Clarke snapped her eyes open. She was lying on a ratty little bed in an apartment in the suburbs of LA. She'd just witnessed the death of a young girl. She hadn't even known her. She couldn't help thinking about if she had a family.
Maybe it was her fault?
Her fingers nonchalantly toyed with the switchblade in her pocket. Its cold metal blade felt breathtakingly pure in this world of confusion. The night that she'd first felt its clean touch was the night that she became anything but clean. Flames had licked up her body, and scorched their image into her eyes forever. The image of her own burning flesh was accompanied by memories of chilling screams all around her.
These thoughts preyed on her brain in her moments alone, like vicious parasites.
Air flowed around and into her eardrums. There was someone else in the building.
She gripped her blade by the hilt, and silently inched off her back. Her feet rooted themselves to the wooden floor. Her breath held itself in anticipation.The tiny particles drifting around her stank of gunmetal and lead. Her hand squeezed the serrated metal. A single bullet cascaded through the left wall of her apartment, and splinters and chunks of wood flew around Clarke's hair.
She inhaled and closed her eyes.Speeding molecules pounded on her eyelids, and she felt splinters and wooden debris pierce her burnt skin as she ran straight through the wooden wall of her house. She jumped through clouds of swirling atoms, and landed a kick into the face of one of her assailants.
Clarke landed with a bleeding face and stomach, and with several guns pointed at her.
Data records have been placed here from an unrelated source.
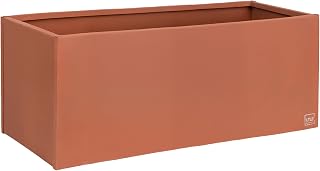 UNUS Raised Metal Bed in Rust Look 118 x 40 x 40 cm, Medium, Weatherproof Plant Bed for Garden, Balcony and Terrace
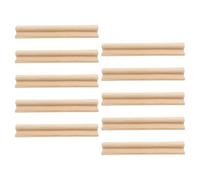 GARIOUANS Lot de 10 Plateaux à Dominos en Bois 17 CM Supports pour Dominos et Porte-Pièces de Jeu de Société Socle Stable Bords Lisses Étagère de Rangement pour Jeux de Train Mexicain et
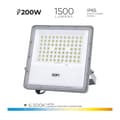 Miniatyrbild 2 av 9: Floodlight/Projektorlampa EDM 31855 200 W 1500 lm Fjärrkontroll Solcellspanel (6500 K)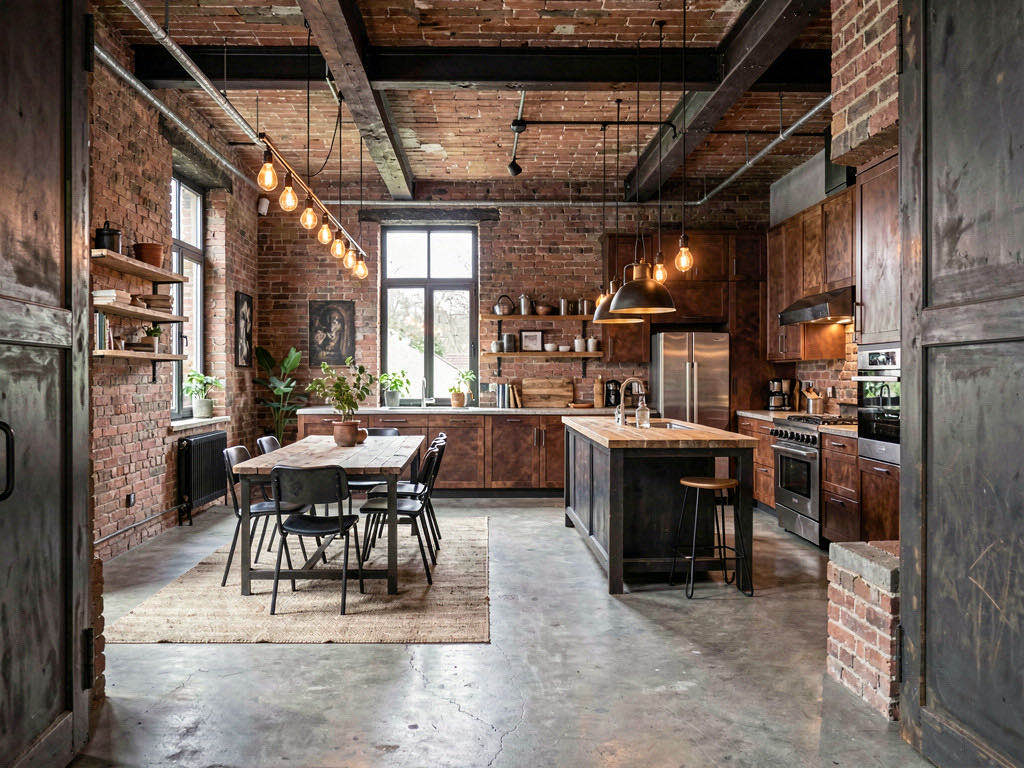 Industrial kitchen — wide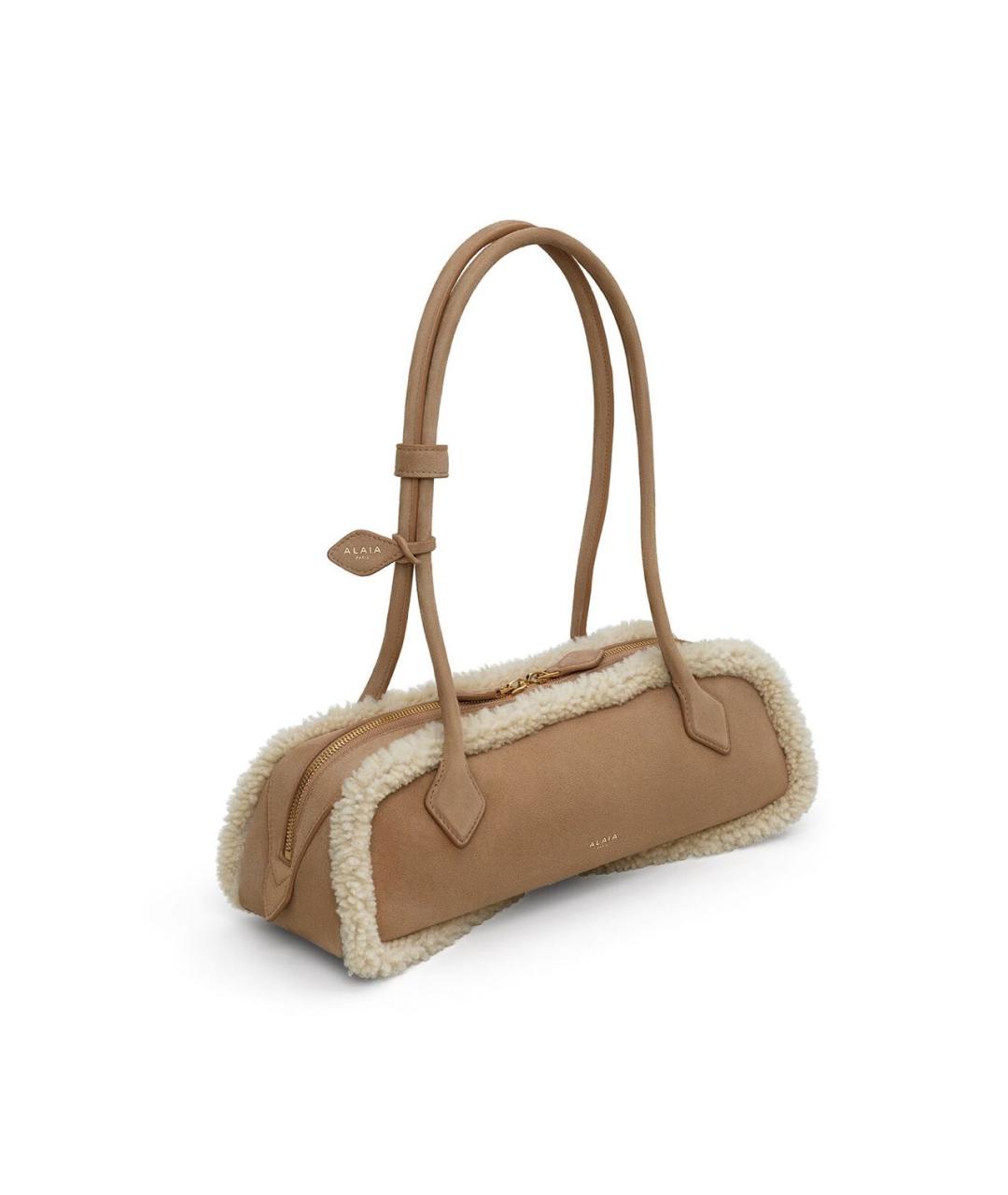 ALAIA Белая замшевая сумка через плечо, фото 2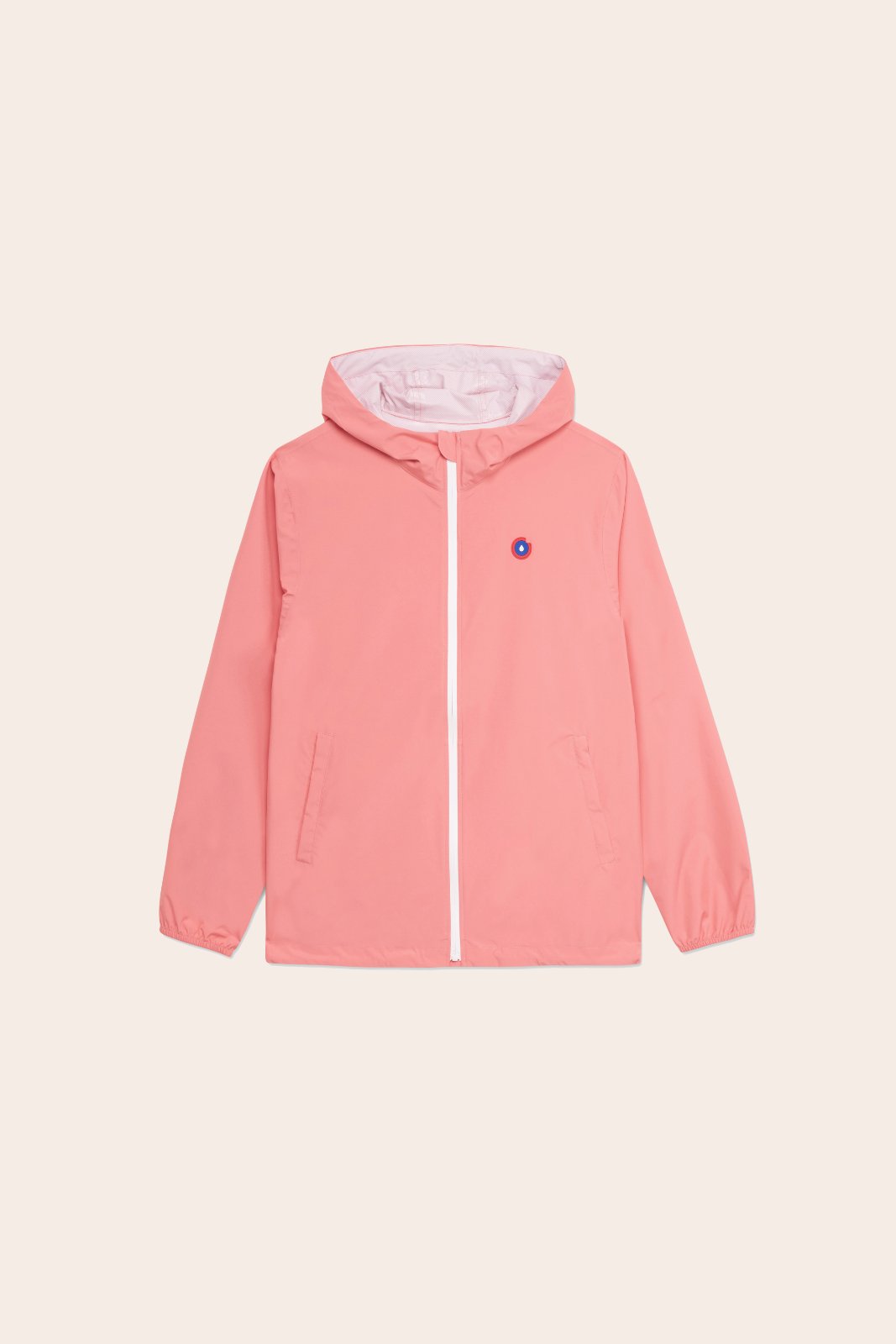 Passy - Raincoat Windbreaker Short - Flotte #couleur_corail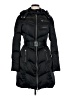 Bebe 100% Polyester Black Coat Size M - photo 1
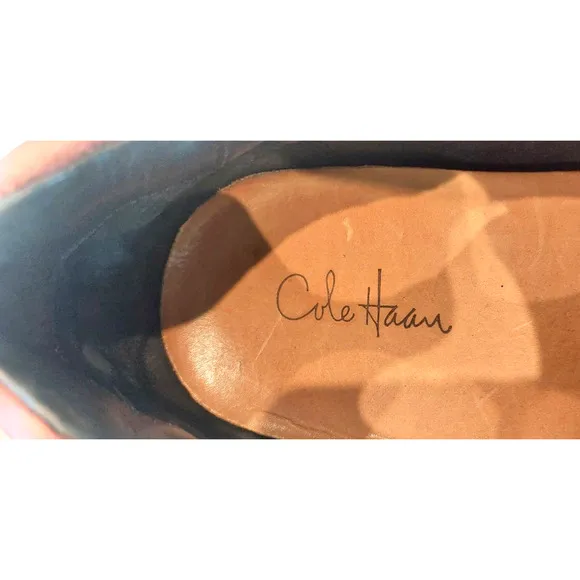 Cole Haan Zeno Slip On Leather Loafers C02934 - Black 9.5‎ M EUC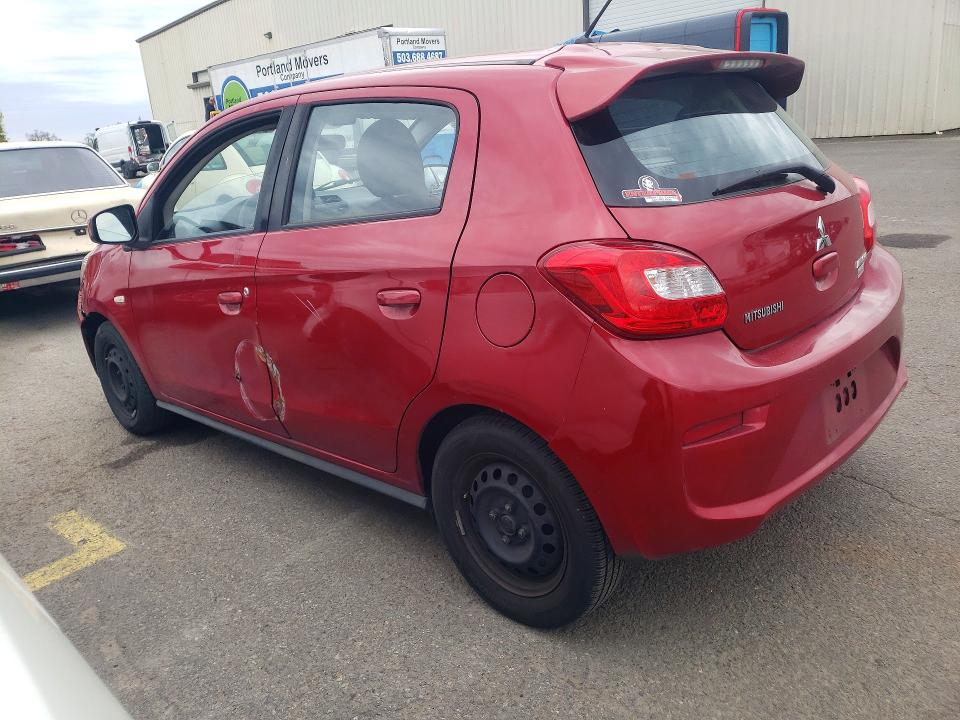 46655896 :رقم المزاد ، ML32A3HJ9HH012166 vin ، 2017 Mitsubishi Mirage مزاد بيع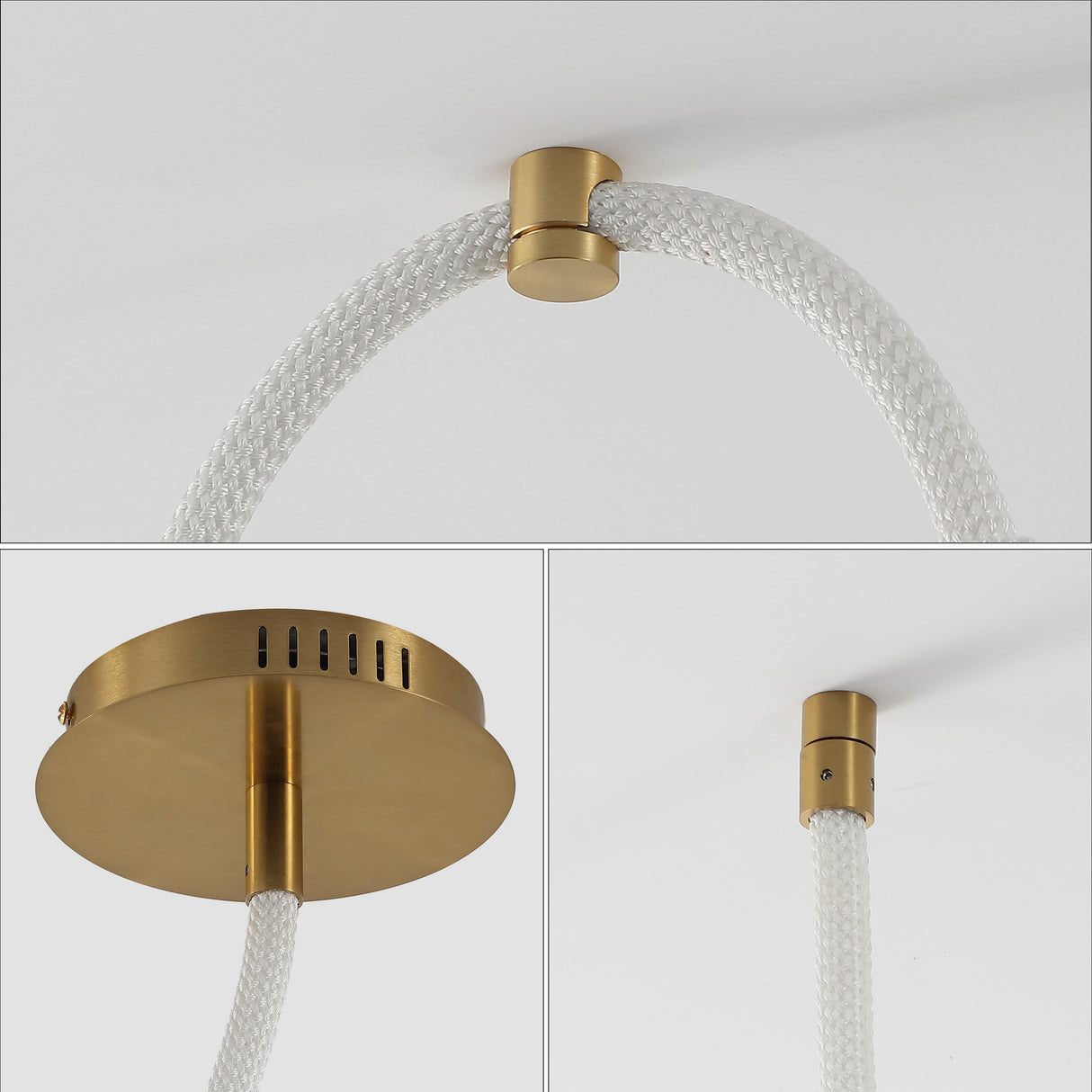 Serafina 360° Adjustable Neon Rope LED Flush Mount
Laser pointers danced among the blood on her face. She gritted her teeth, lacking the energy to run, and preparing for death. She held her hands out to protect her face on raw instinct.Nothing happened. No bullet. No death.
As her eyes inched open slowly, she saw the gunmen's eyes widened in pure terror, and their throats pulsing grotesquely. Their faces slowly went a shade of scarlet, and their eyes rolled up through their skulls.
She looked down at her hands in pure amazement.
A smile graced her lips, and she wiped cold sweat from her brow. The smile was replaced with a gasp as an injection needle penetrated her neck.
The last thing that Clarke Maximoff saw before she passed out was a man dressed in a black motorcycle helmet standing over her as she hit the floor.